Pencarian berlanjut. Seorang teman, memberi tahu saya, ada yang biasa memotong bambu. Malangnya, orang tersebut sekarang lagi berduka sekarang. Jadi saya urungkan untuk meminta bantuan memtong bambu darinya.

Saya mencoba mencari yang lain, namun juga tidak berkenan. Saya hanya berguman dalam hati “susahnya cari orang untuk memotong bambu”.

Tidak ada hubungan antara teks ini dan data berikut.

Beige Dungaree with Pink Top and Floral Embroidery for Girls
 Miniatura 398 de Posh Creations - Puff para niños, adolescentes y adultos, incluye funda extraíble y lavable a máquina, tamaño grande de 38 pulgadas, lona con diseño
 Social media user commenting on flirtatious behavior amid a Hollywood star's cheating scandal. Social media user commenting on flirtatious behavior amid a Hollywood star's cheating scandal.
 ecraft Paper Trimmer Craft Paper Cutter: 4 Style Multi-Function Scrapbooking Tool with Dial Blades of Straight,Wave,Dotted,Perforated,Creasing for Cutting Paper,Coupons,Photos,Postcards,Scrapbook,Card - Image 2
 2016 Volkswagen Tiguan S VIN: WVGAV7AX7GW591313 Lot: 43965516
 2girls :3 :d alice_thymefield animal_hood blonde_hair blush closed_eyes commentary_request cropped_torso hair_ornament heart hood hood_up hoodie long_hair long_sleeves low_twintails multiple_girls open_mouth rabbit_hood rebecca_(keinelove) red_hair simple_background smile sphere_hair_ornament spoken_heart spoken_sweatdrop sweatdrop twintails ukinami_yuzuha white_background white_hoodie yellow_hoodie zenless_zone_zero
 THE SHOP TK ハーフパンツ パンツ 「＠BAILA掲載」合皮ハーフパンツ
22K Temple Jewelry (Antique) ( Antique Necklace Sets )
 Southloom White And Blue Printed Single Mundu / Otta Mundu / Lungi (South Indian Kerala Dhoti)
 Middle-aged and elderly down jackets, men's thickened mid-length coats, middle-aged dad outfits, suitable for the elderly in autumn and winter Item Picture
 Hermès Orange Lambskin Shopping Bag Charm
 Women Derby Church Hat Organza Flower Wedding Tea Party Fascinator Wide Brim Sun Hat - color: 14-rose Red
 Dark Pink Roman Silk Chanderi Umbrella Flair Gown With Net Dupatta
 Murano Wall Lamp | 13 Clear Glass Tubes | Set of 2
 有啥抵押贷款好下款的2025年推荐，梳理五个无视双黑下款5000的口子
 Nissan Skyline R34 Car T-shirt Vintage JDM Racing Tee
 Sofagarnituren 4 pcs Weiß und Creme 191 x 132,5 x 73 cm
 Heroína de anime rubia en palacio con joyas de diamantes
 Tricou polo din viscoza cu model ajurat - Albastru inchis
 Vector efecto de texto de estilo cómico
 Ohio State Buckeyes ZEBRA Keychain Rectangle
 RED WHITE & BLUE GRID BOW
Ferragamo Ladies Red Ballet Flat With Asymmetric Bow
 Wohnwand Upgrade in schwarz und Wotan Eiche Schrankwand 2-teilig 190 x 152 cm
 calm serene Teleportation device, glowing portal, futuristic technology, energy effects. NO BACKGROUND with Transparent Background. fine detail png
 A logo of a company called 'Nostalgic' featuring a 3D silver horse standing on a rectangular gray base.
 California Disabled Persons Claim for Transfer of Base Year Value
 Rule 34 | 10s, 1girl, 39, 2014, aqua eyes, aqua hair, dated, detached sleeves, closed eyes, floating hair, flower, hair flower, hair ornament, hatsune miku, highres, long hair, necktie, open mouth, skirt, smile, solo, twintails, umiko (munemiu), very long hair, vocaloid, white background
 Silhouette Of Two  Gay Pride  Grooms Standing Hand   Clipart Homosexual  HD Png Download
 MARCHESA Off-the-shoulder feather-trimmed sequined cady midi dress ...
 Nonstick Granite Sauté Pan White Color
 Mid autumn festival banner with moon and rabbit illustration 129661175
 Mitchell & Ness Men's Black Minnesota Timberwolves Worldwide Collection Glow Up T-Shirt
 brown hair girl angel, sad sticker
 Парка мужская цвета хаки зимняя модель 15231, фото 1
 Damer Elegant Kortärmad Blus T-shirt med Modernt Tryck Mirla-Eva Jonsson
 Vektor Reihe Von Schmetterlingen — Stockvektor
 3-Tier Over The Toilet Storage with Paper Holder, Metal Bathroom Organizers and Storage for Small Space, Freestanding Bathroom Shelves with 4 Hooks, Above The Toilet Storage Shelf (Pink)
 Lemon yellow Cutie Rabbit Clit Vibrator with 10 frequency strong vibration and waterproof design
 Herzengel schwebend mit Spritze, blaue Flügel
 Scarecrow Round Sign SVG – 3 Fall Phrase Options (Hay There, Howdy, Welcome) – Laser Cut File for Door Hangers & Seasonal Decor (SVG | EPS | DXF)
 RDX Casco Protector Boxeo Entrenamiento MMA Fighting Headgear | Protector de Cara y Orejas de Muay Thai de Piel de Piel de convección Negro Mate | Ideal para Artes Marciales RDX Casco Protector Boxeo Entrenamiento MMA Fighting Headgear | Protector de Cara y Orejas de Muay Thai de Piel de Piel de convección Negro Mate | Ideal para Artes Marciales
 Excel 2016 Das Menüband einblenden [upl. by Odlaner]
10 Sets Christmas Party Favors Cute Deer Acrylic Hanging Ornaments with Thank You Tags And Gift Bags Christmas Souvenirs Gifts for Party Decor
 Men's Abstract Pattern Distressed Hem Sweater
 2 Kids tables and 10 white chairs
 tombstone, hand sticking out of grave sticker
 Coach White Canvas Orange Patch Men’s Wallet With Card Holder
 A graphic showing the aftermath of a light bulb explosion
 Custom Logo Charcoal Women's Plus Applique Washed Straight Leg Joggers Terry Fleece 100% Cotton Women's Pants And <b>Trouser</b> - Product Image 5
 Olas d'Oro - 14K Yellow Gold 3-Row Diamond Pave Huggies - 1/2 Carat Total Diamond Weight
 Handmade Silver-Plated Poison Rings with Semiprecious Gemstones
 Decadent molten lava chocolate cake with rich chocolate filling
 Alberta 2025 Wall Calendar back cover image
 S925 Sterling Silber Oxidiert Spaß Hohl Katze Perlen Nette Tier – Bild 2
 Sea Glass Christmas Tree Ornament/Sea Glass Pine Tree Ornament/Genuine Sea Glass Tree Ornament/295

Dua hari selang kedukaan orang tersebut, saya memberanikan diri menemuinya. saya utarakan maksud untuk meminta bantuan memotong bambu. Orang tersebut menyanggupi untuk memotong bambu keesokan harinya. Namun, malangnya takkala pulang ke rumah dan menemui bapaknya meminta izin untuk memotong bambu. Bapaknya tidak berkenan karena trauma anaknya jatuh lagi. Apes lagi. Akhirnya, tak disangka, mungkin karena kasihan melihat saya kesana-kemari mencari tukang potong bambu, kakakku datang menawarkan diri untuk mengambil dan memotongkan bambu.

***

Dulu, sekitar 20 tahun lalu, di desaku banyak pengrajin bambu. Biasanya mereka membuat berbagai macam kerajinan mulai tempat berkumpul seperti lencak, gaddang, kalasa, tabing,  dan lainnya. Hasil kerajinan biasanya mereka jual ke Pasar Lenteng atau Pasar Anom Sumenep.

Namun saat ini, hampir disetiap dusun yang ada di desa, tidak pernah sama sekali saya temui pengrajin bambu, kecuali Dusun Pocang Desa Cangkreng, itupun hanya beberapa gelintir orang yang menjadi pengrajin bambu tersebut

Dulu, kita bisa meminta tolong pada pengrajin bambu untuk memotongkan bambu. Maklum bambu yang banyak tumbuh di daerah kami adalah bambu yang berduri. Jadi tidak sembarang orang biasa memotongnya. Berbeda sekarang, jangankan pengrajin bambu, pemotong bambu pun tinggal seorang.

Di saat beberapa desa di Indonesia mengembangkan produk kerajinan, justru di desa kami berlomba-lomba meninggalkan desa. Ada yang sekedar mencari kerja di kota, bahkan semenjak 2015 banyak yang bekerja dan membuat toko kelontong di Jakarta.

Maklum, 10 tahun belakangan banyak yang meninggalkan desa disebabkan masalah ekonomi. Jangankan menjadi pengrajin bambu yang penghasilan bulanannya belum tentu dapat. Para petanipun banyak yang kelimpungan, akibat harga hasil pertanian yang tidak stabil di tambah akhir-akhir ini pupuk pertanian sangat langka.

Punahnya pengrajin bambu tidak hanya disebabkan oleh faktor ekonomi. Faktor sosial juga turut menggerus profesi pengrajin bambu. Di desa kami yang terkenal guyub dan sering nongkrong sekedar gossip dan bercanda di tempat yang biasa disebut dengan lencak. Sudah tidak banyak ditemui di desa kami. Padahal dulu, hampir tiap rumah mempunyai lencak.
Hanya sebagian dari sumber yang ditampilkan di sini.